My study design involves those of the *trekking persuasion* to do an eensy, weensy, little test run of the entire cliff trail, making temperture measurments with their own scientific authentic re-creation of temperature gauges (their sweaty, grimey, flushed little faces) at the beginning, midpoint, and end of the trail. One caveat to this method is that the first sample population (SP#1) SHOULD NOT stop at the Devil's Shower (where Alice did her imitation of "I Will Follow Him, Follow Him Wherever He May Go") to receive any misty facial refreshment.
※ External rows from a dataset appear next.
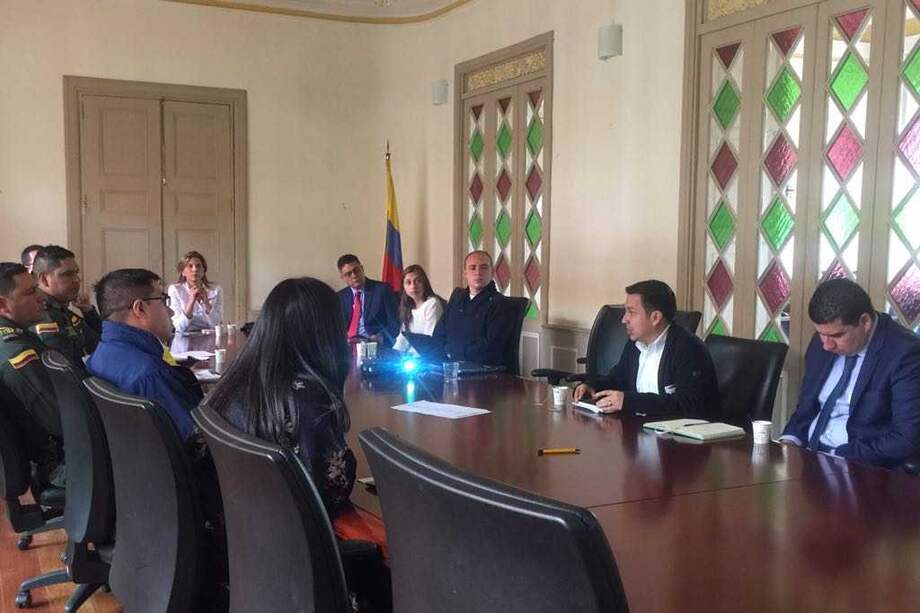 Diferentes actores gubernamentales se reunieron en una mesa de trabajo interinstitucional para acordar sus respectivos compromisos frente a la aplicación de dicha ley. / Cortesía Ministro del Interior.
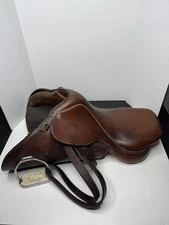 Collegiate 16.5" Med Close Contact English Saddle w/ Dover Stirrups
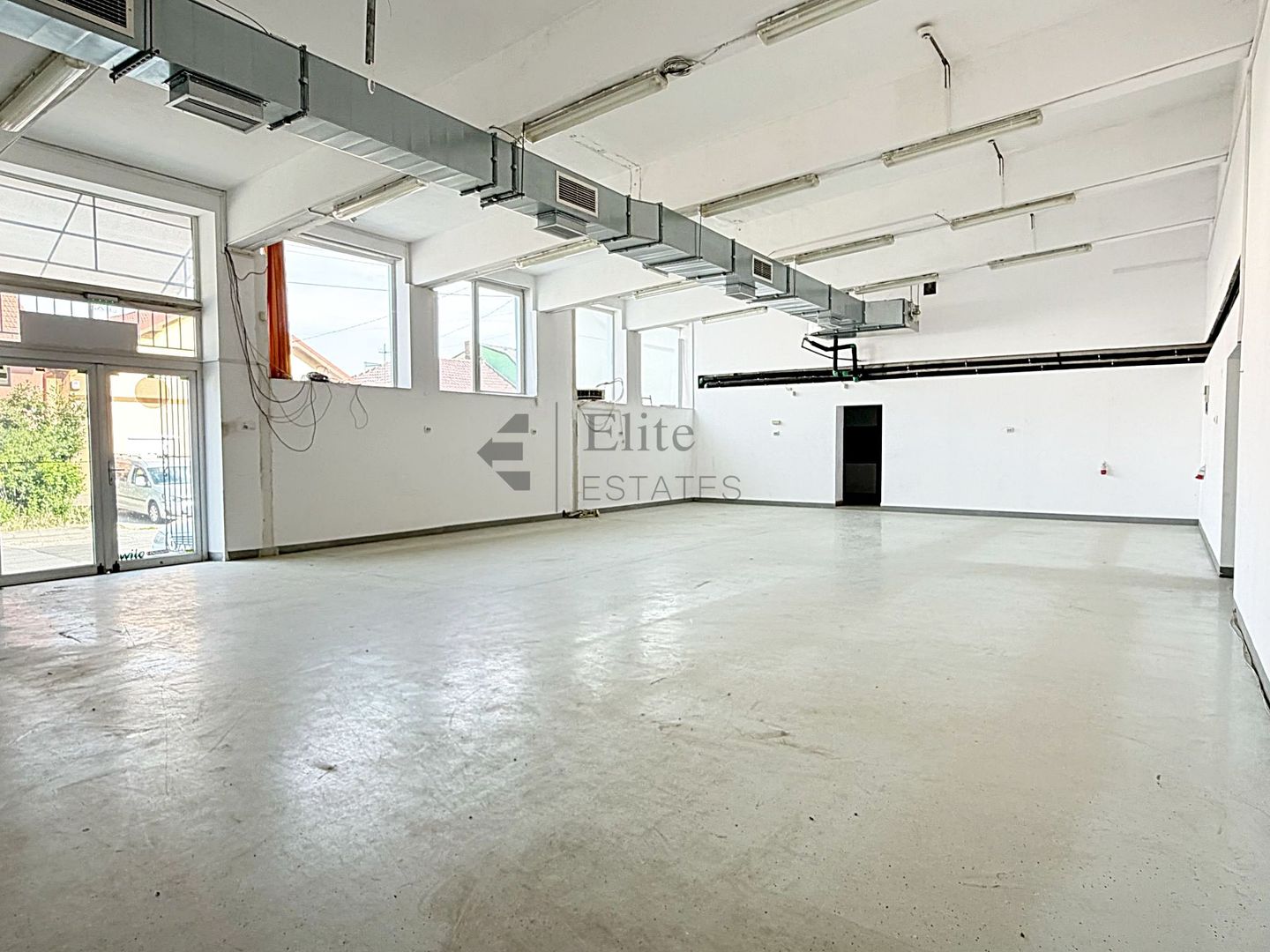 Spatiu comercial 335 mp in Zona Decebal Oradea | Depozit - Poză 1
Sample population #2 (SP#2-that's us members of the HHH Club) will then "traipse mistily along the trail, at a comfortably cool leisurely pace (while SP#1 waits on the VERY HOT chimney for our UNtimely return). As soon as SP#2 arrives exhilarated and reinvigorated from there little ambulation, SP#1 will then re-navigate the cliff trail, taking measurements once again with the same instruments at any area where there may be the slightest remains of becloudment of the SP#2 trail meander.

If at the conclusion of this trial, if SP#1 has any impairment or exhuastive state of their measuring devices, an alternative method of calculating the temperature change would be to measure the amount of perspiration rung from a towel (did they have towels in the 1750's ???) kept at the end of trail.

Conclusions will then be drawn from SP#3 (those MohicanLand Gatherers not of the *trekking persuasion* and not members of the HHH Club) as to which method of cliff travel appears to be the most renewing and refreshing. At this time, sales of the HHH units will commence and the CRP Staff will provide consent forms, of the proceed at your own risk variety, since the trail will certainly be very slippery from the humidity generated from the days experiment (a little mist...a LOT of sweat)!!!

Thank you once again MMMM for giving me that magnanimicifent idea!